§ **DATASET EXCERPT**:
=======

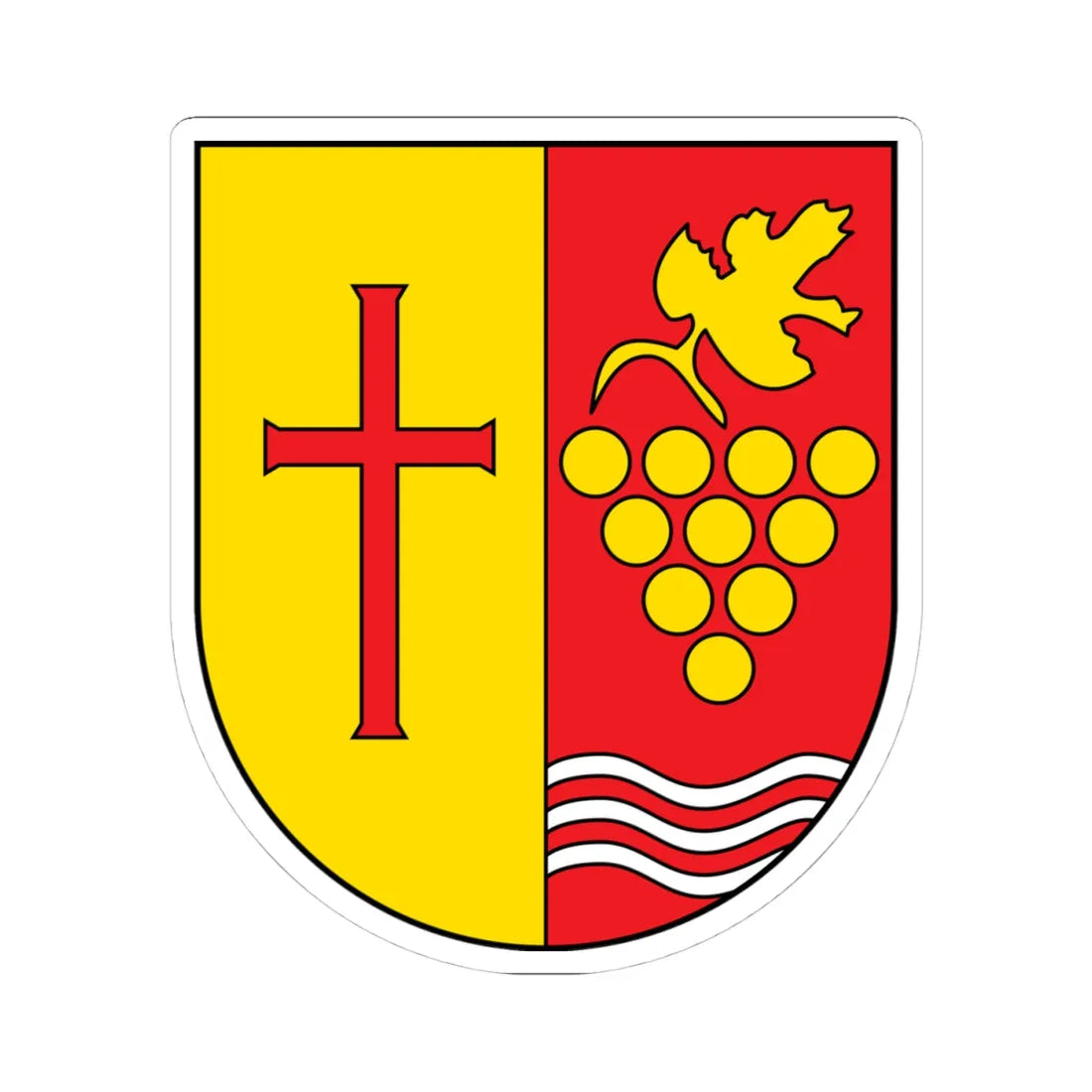 AUT Deutschkreutz COA (Austria) (Coat of Arms) STICKER Vinyl Kiss-Cut Decal 4 Inch White - The Sticker Space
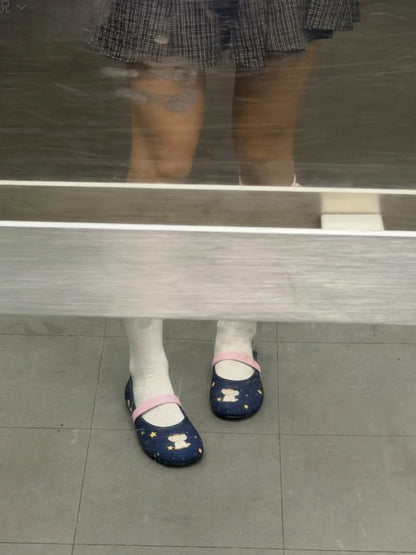 Denim Elephant Print Mary Jane Shoes For Women, Round Toe, Flat Ballet Shoes With a Shallow Neckline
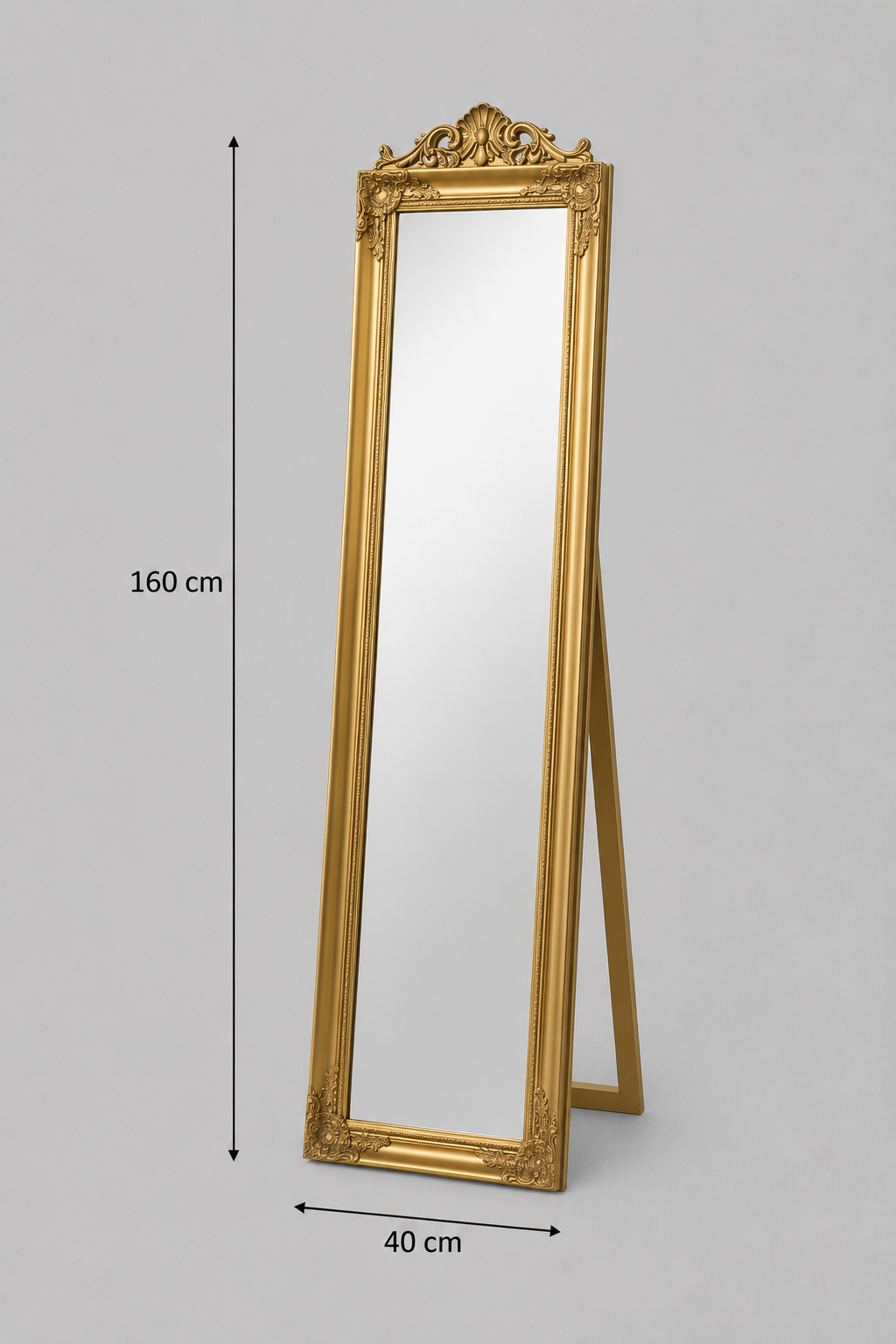 Miroir Sur Pied Baroque Doré Cadre Sculpté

=======

§ **TASK DIRECTIONS**:
When you retype the material above, copy each line exactly and drop whatever images appear in it.

§ **FINAL ANSWER**:
 AUT Deutschkreutz COA (Austria) (Coat of Arms) STICKER Vinyl Kiss-Cut Decal 4 Inch White - The Sticker Space
 Denim Elephant Print Mary Jane Shoes For Women, Round Toe, Flat Ballet Shoes With a Shallow Neckline
 Miroir Sur Pied Baroque Doré Cadre Sculpté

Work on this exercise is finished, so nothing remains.